Citations for invisible wounds

Rear Admiral (Ret’d) Chris Sutherland reflects on addiction & depression while in service. Photo – Matt Wocks, Wounded Warriors.

There were a lot of decorations on display the other morning in Ottawa. Some of those attending an annual breakfast I attended across the street at Parliament Hill on Monday, June 9, had more ribbons and military medals than I’d ever seen before.

But when the keynote speaker stepped to the lectern to address this largely military audience, he wore a plain business suit without a single decoration. Recently retired, Chris Sutherland could have worn his ceremonial navy uniform, displaying his rank as Rear Admiral and deputy commander of the entire Royal Canadian Navy (RCN). Instead, he just spoke.

“Good morning,” he said. “I’m a recovering addict, and I’ve struggled with mental illness, specifically depression.”

R/Adm Sutherland exhibiting pride, hiding trauma.

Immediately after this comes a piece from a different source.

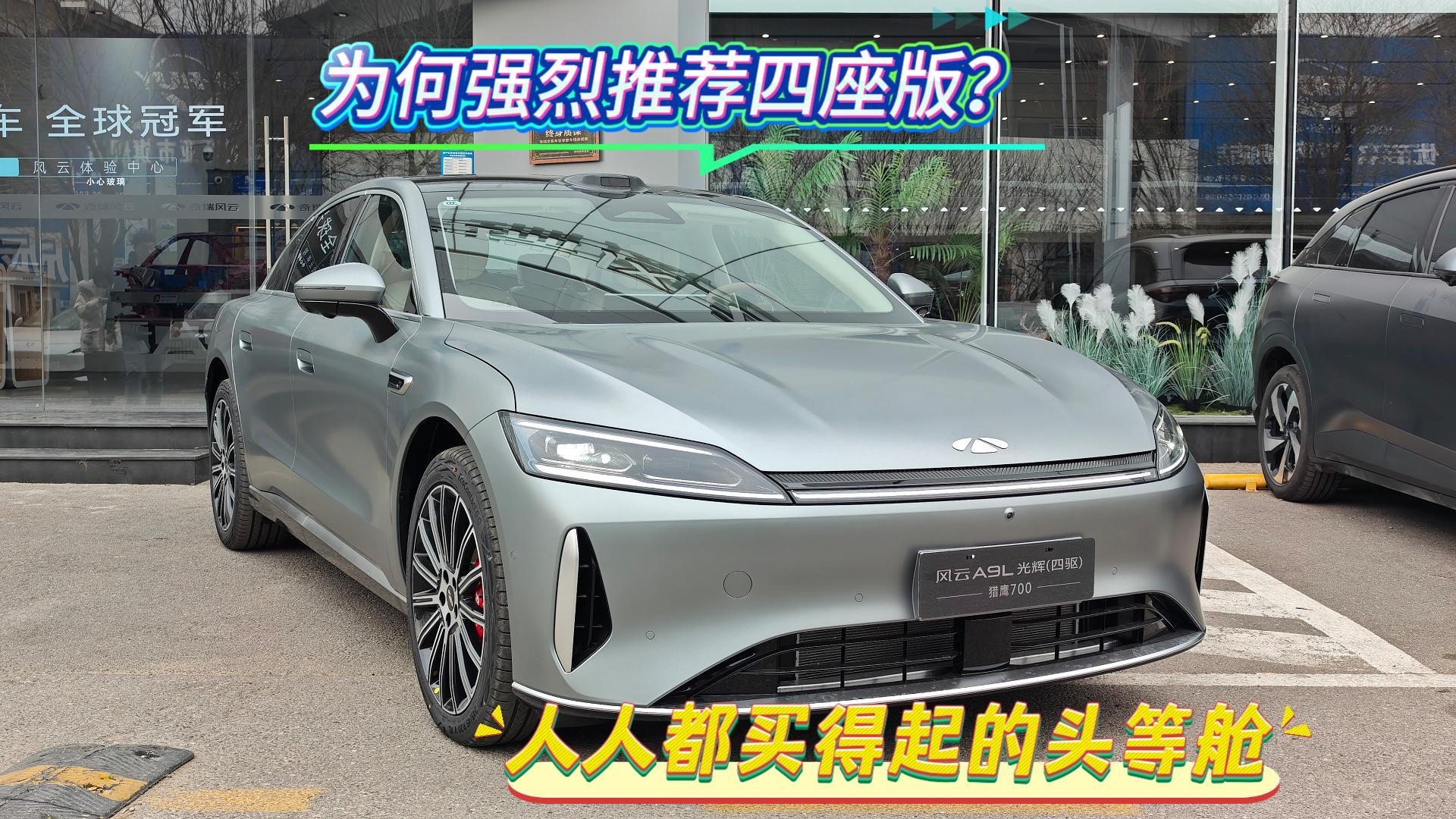 陆地头等舱 为何强烈推荐风云A9L光辉四座版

We could all read from the programs at the event – the 12th Annual Sam Sharpe Breakfast recognizing mental injuries from military service – that Sutherland had enjoyed a stellar RCN career. Trained at Kingston’s Royal Military College, deployed at sea aboard warships in NATO operations around the globe, and with years of service at National Defence Headquarters, the Directorate of Maritime Policy, and as base commander of CFB Halifax, Sutherland had given Canada 38 years of exemplary service.

At the beginning of his navy life (the 1980s), he told us this week, he didn’t use alcohol. He admitted that he often felt insecure and lacked confidence, until “I took my first drink, and all that disappeared. I felt this warm glow. I felt confident. And I chased that feeling for over 20 years.”

Sutherland noted that at its peak his addiction meant he might consume a full 26-ounce bottle of gin in a sitting. But his periodic bouts of depression and the liquor proved to be a deadly combination. “After 74 days at sea (in post-9/11 operations in the Middle East), I tried suicide.”

L/Col Sam Sharpe, re-elected MP in Ontario County while fighting overseas.

Statistics compiled by the Canadian government show that between the years 2012 and 2021, 207 Canadian Armed Forces servicemen (average aged 34) took their own lives; during the same period 18 servicewomen killed themselves.

Nobody has assembled the suicide statistics associated with Sam Sharpe’s era. First elected to the House of Commons in 1908 and then responding to the Empire’s call for troops in the Great War, Sharpe, at age 35, petitioned Ottawa to mobilize a local battalion.

He underwrote, equipped and trained his 116th Ontario Battalion for overseas service and led them through the battles of Vimy Ridge, Avion and Passchendaele. By the end of 1917, however, the war has reduced his original unit of 2,000 young recruits to fewer than 200.

In better days, L/Col Sharpe (on horseback) parading his recruits through Ontario County streets en route to the Great War.

“I wish to say I have no regrets,” he wrote home to his wife Mabel Sharpe. “I have done my duty as I saw it and have fought in the defence of those principles upon which our great Empire is founded.” He concluded this last letter writing, “If it should be my fate to be among those who fall … I die without any fears as to the ultimate destiny of all that is immortal within me.”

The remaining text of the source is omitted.